The filing entity must file the BEFIT information with the filing authority (the competent authority of the Member State in which the filing entity is resident or, where it concerns a permanent establishment, is situated). A “BEFIT team”, composed of representatives of each relevant administration, will examine the completeness and accuracy of the BEFIT information return. Each BEFIT group member will file its individual tax return with the competent authorities in which the group member is resident or is situated. Where required, the competent authority will issue an amended tax assessment. The proposal also encompasses rules on appeals, statute of limitations, disclosure of information and penalties.
Meijburg & Co comments
This is the third attempt by the European Commission to harmonize the corporate income tax base. The first attempt was the 2011 proposal for a Common Consolidated Corporate Tax Base (CCCTB). In 2016, the European Commission proposed a two-step approach (including a first step for the harmonization of the tax base, and a second step for the consolidation and apportionment of the results).
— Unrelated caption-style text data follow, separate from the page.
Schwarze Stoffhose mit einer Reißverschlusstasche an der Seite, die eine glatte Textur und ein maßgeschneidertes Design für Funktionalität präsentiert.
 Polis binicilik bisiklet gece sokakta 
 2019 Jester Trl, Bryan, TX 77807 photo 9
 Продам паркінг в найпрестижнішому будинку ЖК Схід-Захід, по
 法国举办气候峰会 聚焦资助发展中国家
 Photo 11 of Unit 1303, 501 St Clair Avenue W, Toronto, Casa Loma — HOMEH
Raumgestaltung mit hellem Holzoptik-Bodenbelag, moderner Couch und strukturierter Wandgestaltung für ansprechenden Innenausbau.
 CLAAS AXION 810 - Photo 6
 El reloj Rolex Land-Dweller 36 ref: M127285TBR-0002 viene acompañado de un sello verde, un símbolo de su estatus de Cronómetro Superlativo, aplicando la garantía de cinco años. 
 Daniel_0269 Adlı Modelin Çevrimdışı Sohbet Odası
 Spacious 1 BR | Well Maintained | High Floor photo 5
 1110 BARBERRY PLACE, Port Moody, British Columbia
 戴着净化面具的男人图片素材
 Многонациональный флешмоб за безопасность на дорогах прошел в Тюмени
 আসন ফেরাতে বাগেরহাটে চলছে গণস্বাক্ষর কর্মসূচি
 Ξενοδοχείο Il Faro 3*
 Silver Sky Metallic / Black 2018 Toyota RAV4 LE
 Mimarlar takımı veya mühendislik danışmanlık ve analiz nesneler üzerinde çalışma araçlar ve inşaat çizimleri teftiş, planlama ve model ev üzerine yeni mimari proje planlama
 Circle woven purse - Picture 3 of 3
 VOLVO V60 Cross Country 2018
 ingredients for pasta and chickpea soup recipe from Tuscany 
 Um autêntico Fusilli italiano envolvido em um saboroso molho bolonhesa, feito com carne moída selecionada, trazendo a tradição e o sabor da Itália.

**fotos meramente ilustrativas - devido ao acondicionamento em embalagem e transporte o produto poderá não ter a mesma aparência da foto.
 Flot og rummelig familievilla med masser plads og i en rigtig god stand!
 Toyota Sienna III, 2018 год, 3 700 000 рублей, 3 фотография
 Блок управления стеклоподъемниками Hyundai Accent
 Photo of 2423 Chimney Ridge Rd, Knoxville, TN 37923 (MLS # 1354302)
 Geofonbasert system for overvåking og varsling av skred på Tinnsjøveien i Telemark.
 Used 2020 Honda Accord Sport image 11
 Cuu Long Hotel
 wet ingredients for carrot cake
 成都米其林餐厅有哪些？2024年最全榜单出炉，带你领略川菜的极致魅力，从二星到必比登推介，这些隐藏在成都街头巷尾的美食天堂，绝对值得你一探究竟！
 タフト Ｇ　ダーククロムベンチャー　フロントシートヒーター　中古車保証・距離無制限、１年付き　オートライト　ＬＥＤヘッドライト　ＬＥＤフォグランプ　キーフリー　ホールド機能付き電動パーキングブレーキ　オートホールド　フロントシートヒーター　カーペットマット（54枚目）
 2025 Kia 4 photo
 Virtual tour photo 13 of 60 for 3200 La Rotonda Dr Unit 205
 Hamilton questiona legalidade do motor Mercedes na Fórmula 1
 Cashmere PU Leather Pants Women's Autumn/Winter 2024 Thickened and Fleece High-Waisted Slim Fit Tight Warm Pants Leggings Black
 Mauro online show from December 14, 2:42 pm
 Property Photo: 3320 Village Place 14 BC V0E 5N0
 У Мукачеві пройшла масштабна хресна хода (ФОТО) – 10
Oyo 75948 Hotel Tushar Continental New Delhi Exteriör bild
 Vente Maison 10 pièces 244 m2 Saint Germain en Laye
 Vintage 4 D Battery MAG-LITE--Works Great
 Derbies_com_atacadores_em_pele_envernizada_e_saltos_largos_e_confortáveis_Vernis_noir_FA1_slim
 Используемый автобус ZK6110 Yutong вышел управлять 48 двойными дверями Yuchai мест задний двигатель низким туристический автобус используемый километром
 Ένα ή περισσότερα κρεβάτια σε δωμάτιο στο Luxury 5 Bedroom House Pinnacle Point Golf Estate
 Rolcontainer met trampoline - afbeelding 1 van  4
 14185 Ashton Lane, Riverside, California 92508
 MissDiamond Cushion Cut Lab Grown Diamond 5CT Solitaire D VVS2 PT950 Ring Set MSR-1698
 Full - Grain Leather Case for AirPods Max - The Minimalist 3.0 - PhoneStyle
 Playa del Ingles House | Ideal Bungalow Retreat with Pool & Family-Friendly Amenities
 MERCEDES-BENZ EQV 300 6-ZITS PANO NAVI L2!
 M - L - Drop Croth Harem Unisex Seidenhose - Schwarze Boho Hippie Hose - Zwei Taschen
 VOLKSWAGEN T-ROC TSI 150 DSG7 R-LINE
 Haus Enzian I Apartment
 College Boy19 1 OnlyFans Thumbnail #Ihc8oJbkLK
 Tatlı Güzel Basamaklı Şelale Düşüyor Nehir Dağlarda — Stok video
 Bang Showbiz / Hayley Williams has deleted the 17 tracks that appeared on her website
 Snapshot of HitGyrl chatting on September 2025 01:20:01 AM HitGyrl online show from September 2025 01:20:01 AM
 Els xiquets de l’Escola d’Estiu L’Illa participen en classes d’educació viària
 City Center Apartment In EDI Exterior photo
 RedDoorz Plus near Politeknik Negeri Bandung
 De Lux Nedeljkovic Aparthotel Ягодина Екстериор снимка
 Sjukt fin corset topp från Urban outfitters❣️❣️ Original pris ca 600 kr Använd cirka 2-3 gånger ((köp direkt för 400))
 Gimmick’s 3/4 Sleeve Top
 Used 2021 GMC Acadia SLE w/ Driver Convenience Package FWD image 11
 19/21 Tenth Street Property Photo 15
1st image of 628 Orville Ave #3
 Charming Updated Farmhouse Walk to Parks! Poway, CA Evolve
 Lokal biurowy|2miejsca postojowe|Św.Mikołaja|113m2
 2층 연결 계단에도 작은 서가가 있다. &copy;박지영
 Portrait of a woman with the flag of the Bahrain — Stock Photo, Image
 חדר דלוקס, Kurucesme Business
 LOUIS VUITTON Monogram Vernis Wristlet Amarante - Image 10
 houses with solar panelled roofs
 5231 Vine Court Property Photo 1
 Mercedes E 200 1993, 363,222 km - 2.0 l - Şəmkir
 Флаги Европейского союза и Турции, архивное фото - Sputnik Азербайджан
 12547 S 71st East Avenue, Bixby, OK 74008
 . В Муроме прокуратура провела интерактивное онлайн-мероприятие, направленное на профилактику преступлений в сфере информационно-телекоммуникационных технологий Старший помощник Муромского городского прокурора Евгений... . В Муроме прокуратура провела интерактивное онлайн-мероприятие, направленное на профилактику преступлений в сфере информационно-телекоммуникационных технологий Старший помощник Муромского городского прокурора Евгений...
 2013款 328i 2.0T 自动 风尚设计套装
It now seems that the European Commission is trying to seize the (perceived) opportunity created by the introduction of Pillar 2. Similar to Pillar 2, the tax base calculation is based on the financial accounts, with some exceptions. The main difference between the two is the aggregation of profits and losses, which effectively result in cross-border loss compensation. This mechanism differs from the mechanism of Pillar 2, which is based on a jurisdictional approach, and bears the risk of undertaxation under Pillar 2, resulting in the levy of top-up tax. There is no indication whether and how this effect – which might considerably impact the attractiveness of BEFIT – will be dealt with.